What does Luke 3:28 mean?
ESV: the son of Melchi, the son of Addi, the son of Cosam, the son of Elmadam, the son of Er,
NIV: the son of Melki, the son of Addi, the son of Cosam, the son of Elmadam, the son of Er,
NASB: the son of Melchi, the son of Addi, the son of Cosam, the son of Elmadam, the son of Er,
CSB: son of Melchi, son of Addi, son of Cosam, son of Elmadam, son of Er,
NLT: Neri was the son of Melki. Melki was the son of Addi. Addi was the son of Cosam. Cosam was the son of Elmadam. Elmadam was the son of Er.
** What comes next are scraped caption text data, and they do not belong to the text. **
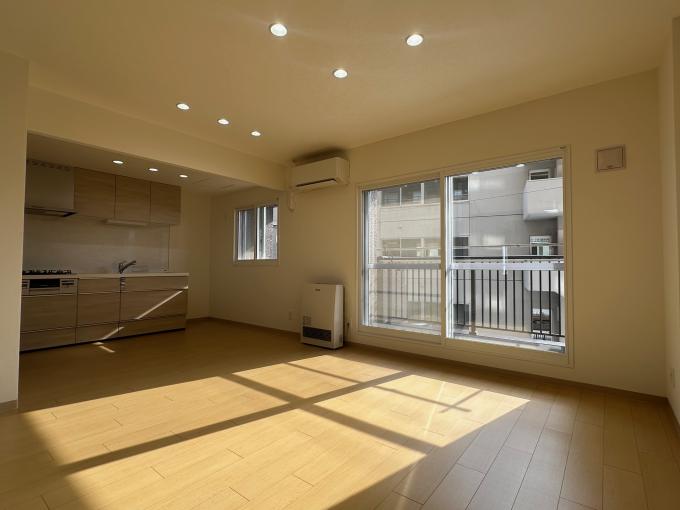 LDK床、建具新設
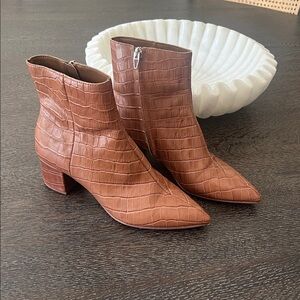 Dolce Vita Brown Croc-Embossed Ankle Boots Sz 8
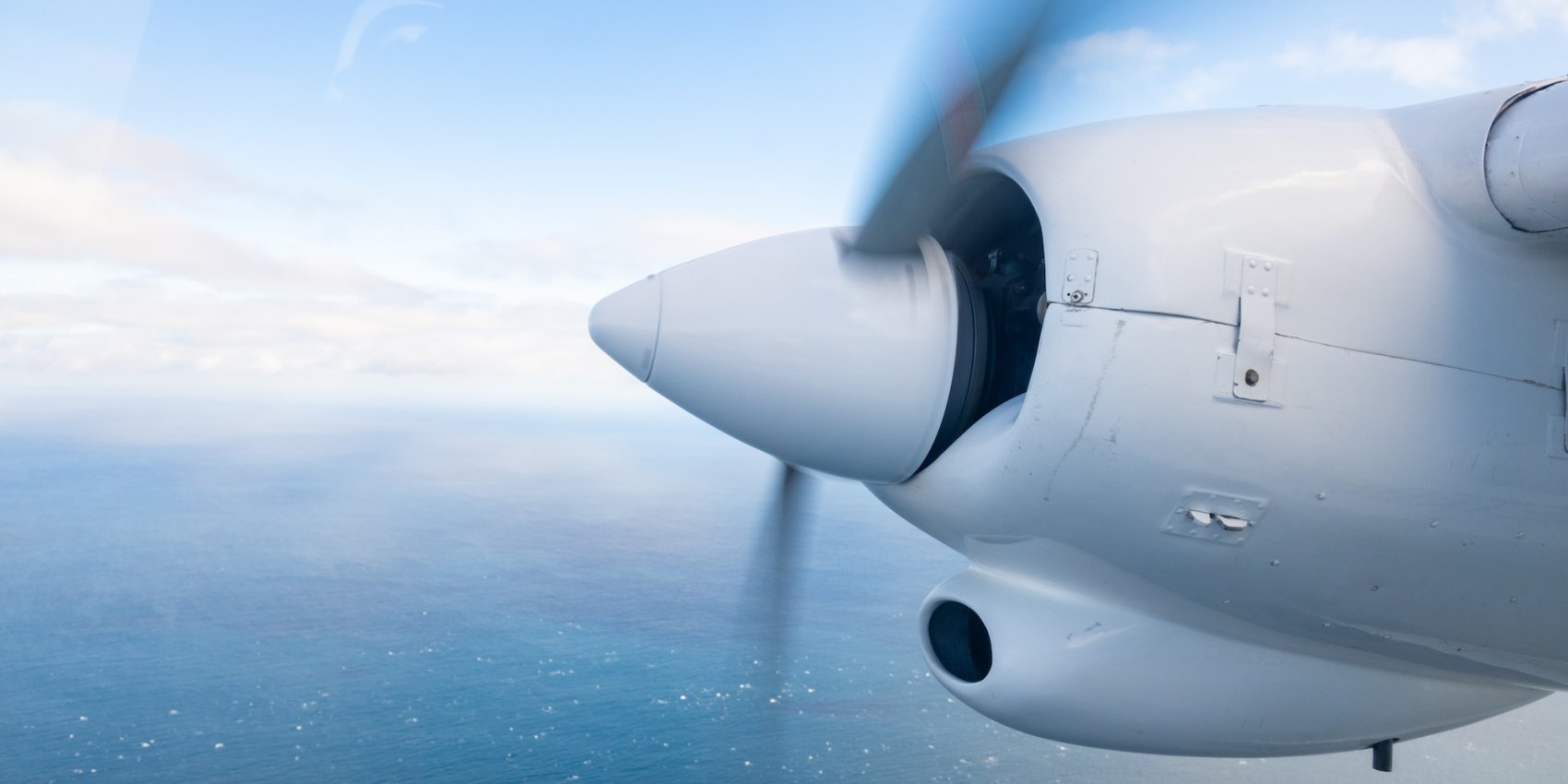 Close-up view of a propeller plane flying over the Pacific Ocean en route to the Galápagos Islands.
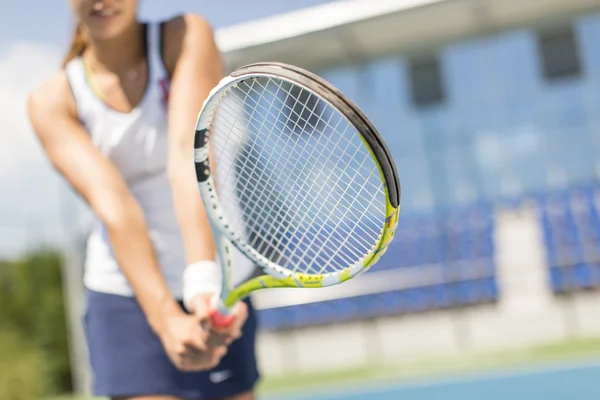 Žena hrající tenis — Stock fotografie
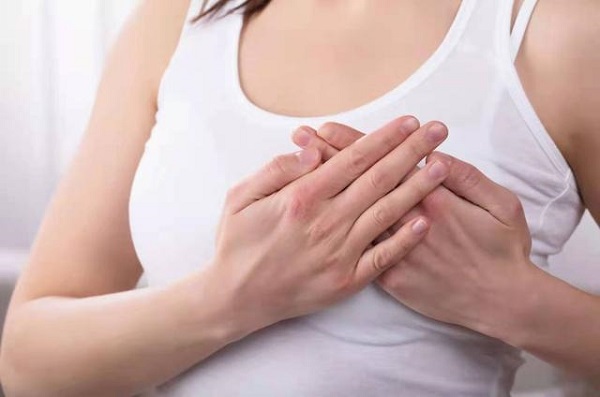 堵奶是去医院好还是找催乳师比较好?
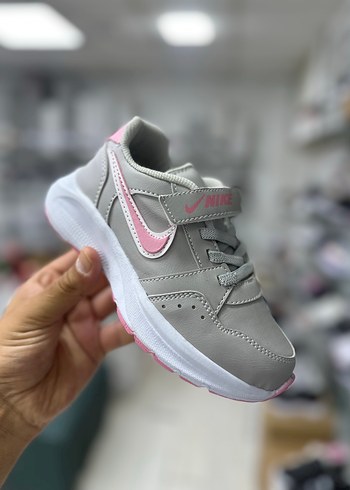 Kız Çocuk Gri Nike Spor Ayakkabı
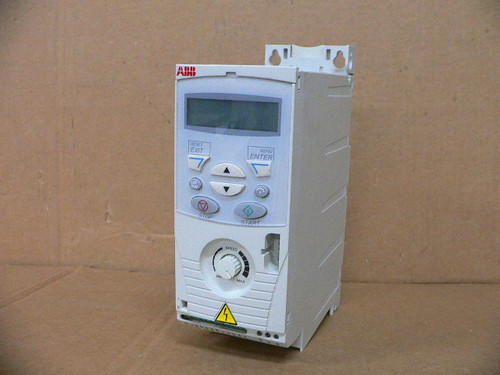 ABB ACS150-03E-02A4-4 AC Inverter Drive 380-480VAC 1HP 0.75kW 4.1A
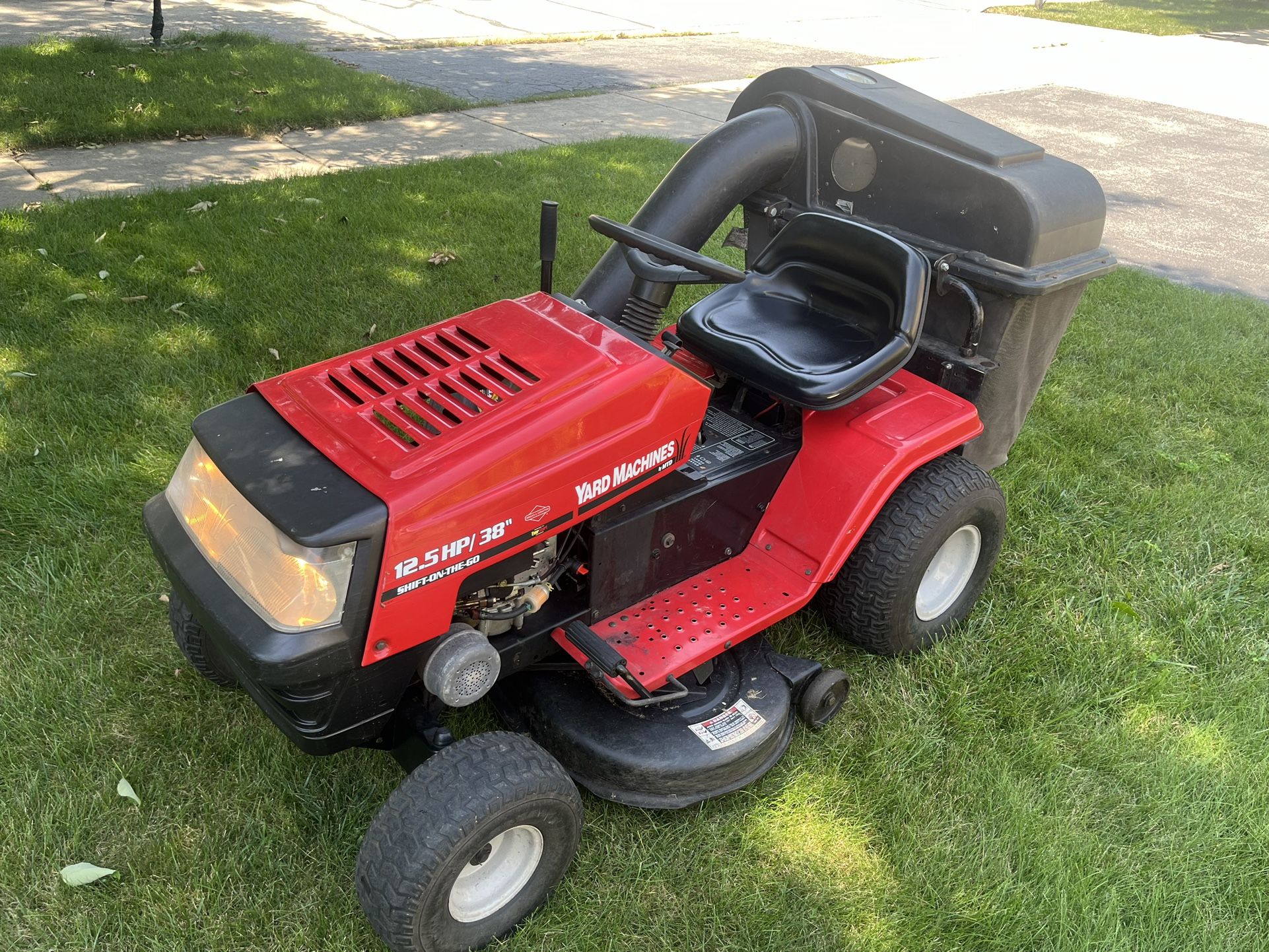 Mulching Riding Lawn Mower With Bagger System 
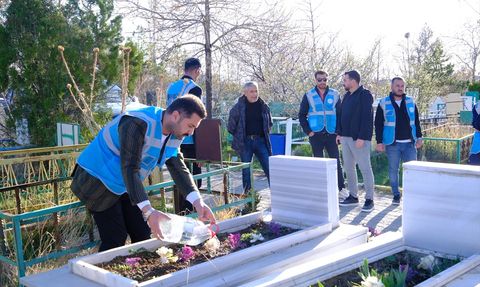 Van'da Şehitler Haftası'na Özel Temizlik Çalışması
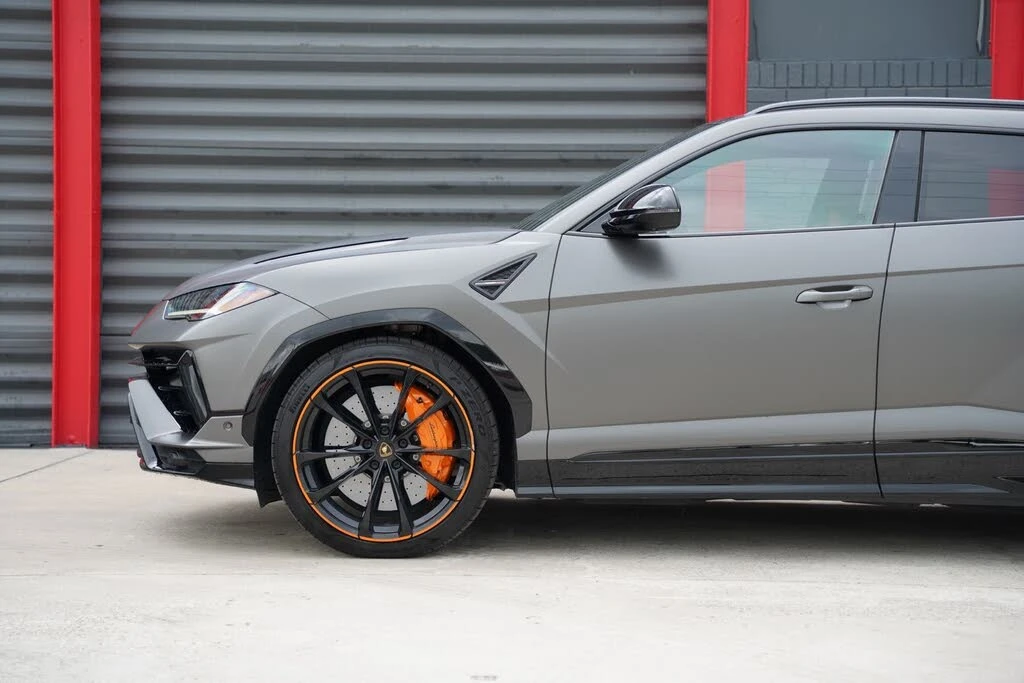 2023 Lamborghini Urus S - Image 9 of 31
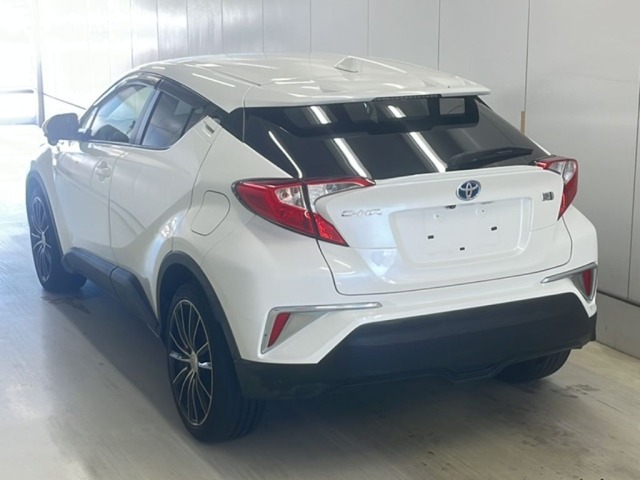 Toyota C-HR 2017 7987401-1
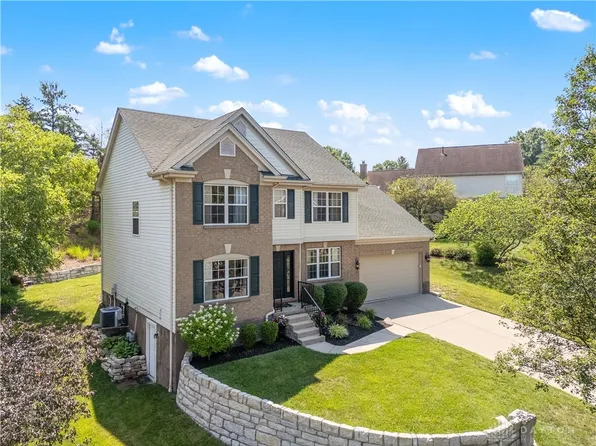 5810 Ravens Ridge Ln, Cincinnati, OH 45247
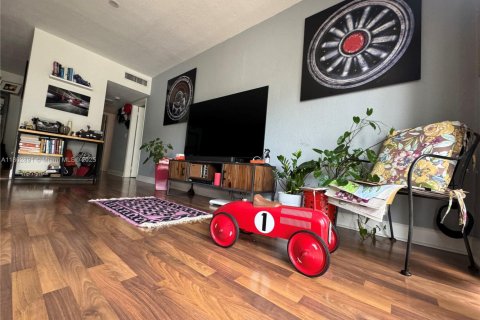 Condominio en venta en Bay Harbor Islands, Florida, 3 dormitorios, 121.61 m2 № 1993901 - foto 2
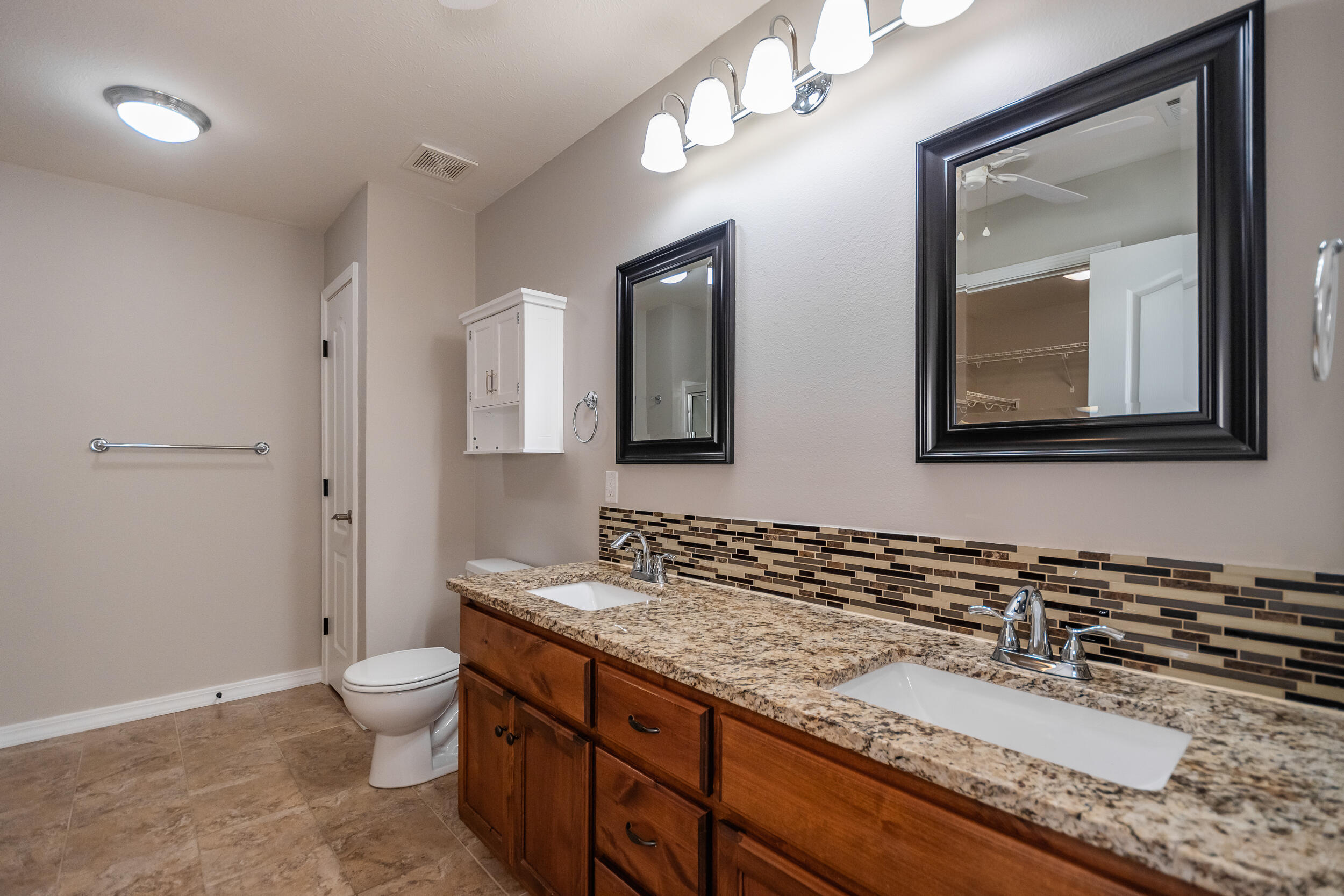 816 East Roubidoux Street Property Photo 48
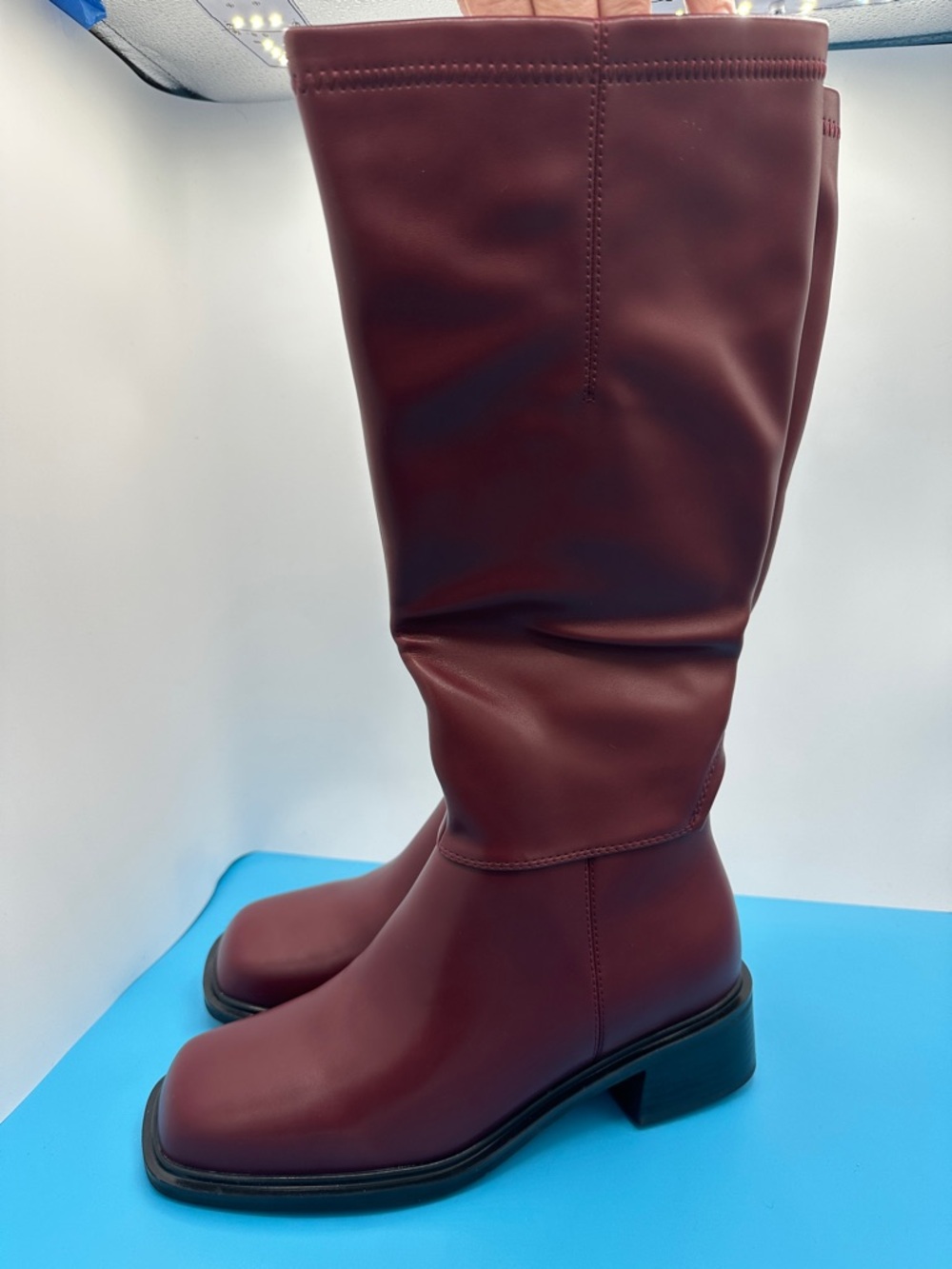 NEW! Women's Tall Heeled Boots in Burgundy Leather-Look. No box/ New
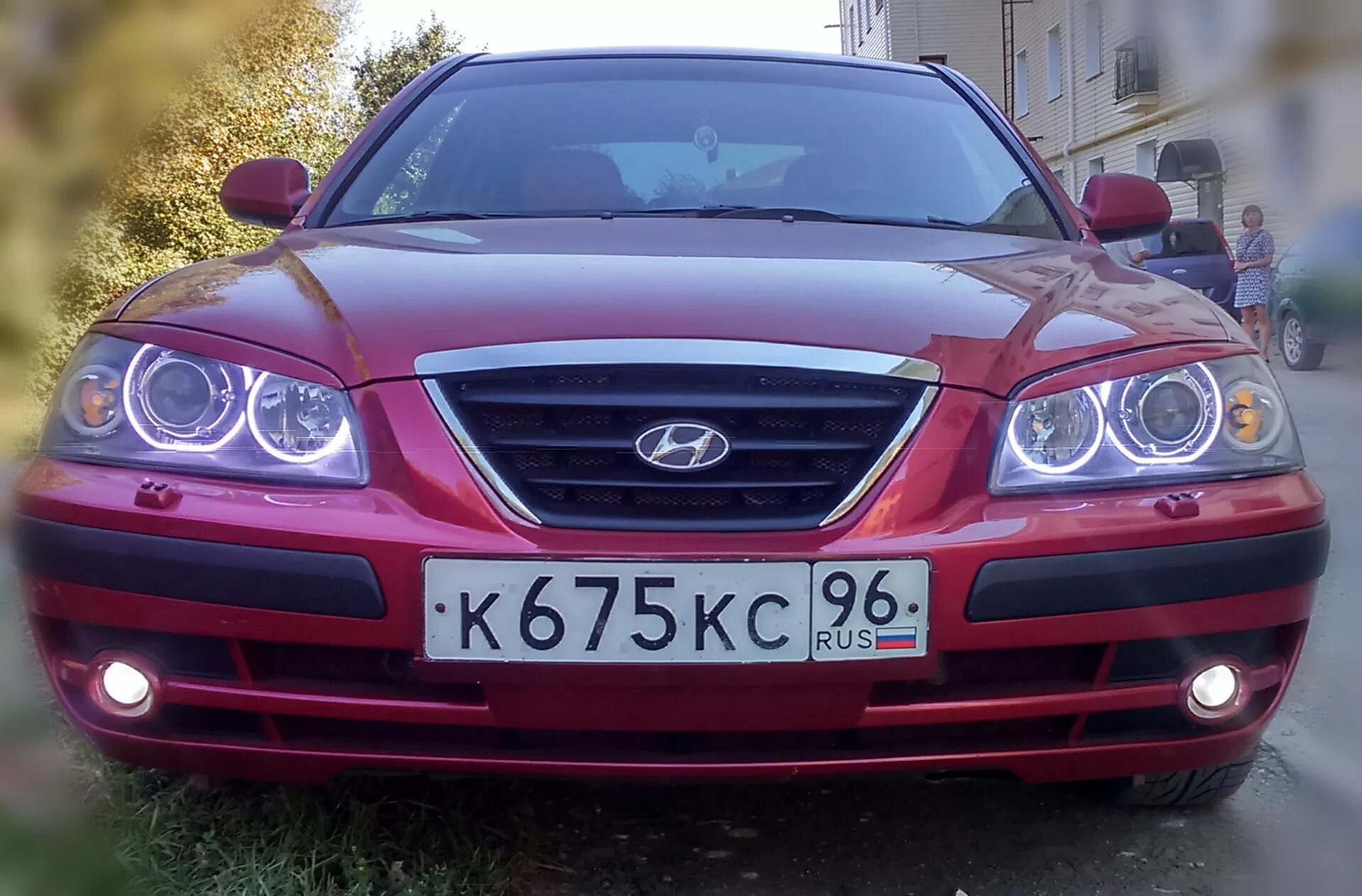 Дхо элантра. Ангельские глазки Elantra j3. Hyundai Elantra XD ангельские глазки. Ангельские глазки Элантра 3. Ангельские глазки на Хендай Элантра 3.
KJV: Which was the son of Melchi, which was the son of Addi, which was the son of Cosam, which was the son of Elmodam, which was the son of Er,
NKJV: the son of Melchi, the son of Addi, the son of Cosam, the son of Elmodam, the son of Er,
Verse Commentary:
As Luke traces Jesus' genealogy back to Adam, he includes several names that repeat. As in the modern day, some names are more popular than others—especially when associated with famous figures. As with prior mentions of names like Levi and Joseph, the name Er as used here is not a reference to Judah's son (Genesis 38:7).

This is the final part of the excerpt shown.